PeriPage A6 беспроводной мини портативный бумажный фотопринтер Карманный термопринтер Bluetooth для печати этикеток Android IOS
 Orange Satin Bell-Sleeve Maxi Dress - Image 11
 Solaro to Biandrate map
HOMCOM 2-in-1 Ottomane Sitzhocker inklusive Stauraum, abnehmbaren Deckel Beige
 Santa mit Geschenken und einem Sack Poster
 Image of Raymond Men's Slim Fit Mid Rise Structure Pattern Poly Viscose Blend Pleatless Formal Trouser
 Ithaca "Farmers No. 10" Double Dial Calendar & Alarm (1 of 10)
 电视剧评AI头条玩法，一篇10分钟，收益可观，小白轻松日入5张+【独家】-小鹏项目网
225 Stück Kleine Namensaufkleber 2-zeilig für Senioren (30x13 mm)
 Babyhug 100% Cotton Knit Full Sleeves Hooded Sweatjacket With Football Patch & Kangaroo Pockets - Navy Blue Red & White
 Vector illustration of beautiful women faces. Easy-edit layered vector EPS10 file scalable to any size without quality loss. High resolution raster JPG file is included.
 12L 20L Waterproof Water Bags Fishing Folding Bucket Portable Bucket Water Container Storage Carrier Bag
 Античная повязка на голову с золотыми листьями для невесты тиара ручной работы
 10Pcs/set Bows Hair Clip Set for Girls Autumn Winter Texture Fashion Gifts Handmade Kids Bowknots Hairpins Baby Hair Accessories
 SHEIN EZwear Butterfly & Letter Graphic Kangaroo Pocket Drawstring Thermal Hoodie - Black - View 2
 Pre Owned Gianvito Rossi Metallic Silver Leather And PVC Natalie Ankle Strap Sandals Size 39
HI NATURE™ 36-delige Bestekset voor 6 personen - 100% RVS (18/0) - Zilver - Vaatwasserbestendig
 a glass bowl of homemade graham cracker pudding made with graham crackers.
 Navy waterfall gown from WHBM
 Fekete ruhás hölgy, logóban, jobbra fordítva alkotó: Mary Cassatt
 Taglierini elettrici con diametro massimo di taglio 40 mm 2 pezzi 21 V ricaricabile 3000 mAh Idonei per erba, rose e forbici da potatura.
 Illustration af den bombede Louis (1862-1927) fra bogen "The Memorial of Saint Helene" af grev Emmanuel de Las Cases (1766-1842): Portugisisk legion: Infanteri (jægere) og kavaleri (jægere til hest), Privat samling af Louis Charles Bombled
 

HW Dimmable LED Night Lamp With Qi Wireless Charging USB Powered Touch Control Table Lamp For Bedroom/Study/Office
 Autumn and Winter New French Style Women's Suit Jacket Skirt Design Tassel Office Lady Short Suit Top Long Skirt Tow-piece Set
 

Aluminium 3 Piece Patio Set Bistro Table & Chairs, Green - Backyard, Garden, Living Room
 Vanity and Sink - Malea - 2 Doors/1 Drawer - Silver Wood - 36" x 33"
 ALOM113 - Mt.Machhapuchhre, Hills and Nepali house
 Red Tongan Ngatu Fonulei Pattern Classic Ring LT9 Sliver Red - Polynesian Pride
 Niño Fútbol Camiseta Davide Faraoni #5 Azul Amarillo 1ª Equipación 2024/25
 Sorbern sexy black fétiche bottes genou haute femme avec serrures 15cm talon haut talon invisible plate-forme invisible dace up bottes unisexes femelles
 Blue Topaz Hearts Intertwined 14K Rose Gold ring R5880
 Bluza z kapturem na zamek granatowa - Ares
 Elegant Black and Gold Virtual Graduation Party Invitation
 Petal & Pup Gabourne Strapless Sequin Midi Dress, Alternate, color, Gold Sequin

● ● ● ● ●

--- What is needed ---
The response must contain every line from the listing above in which the string "Winter" appears.

--- Problem solution ---
 10Pcs/set Bows Hair Clip Set for Girls Autumn Winter Texture Fashion Gifts Handmade Kids Bowknots Hairpins Baby Hair Accessories
 Autumn and Winter New French Style Women's Suit Jacket Skirt Design Tassel Office Lady Short Suit Top Long Skirt Tow-piece Set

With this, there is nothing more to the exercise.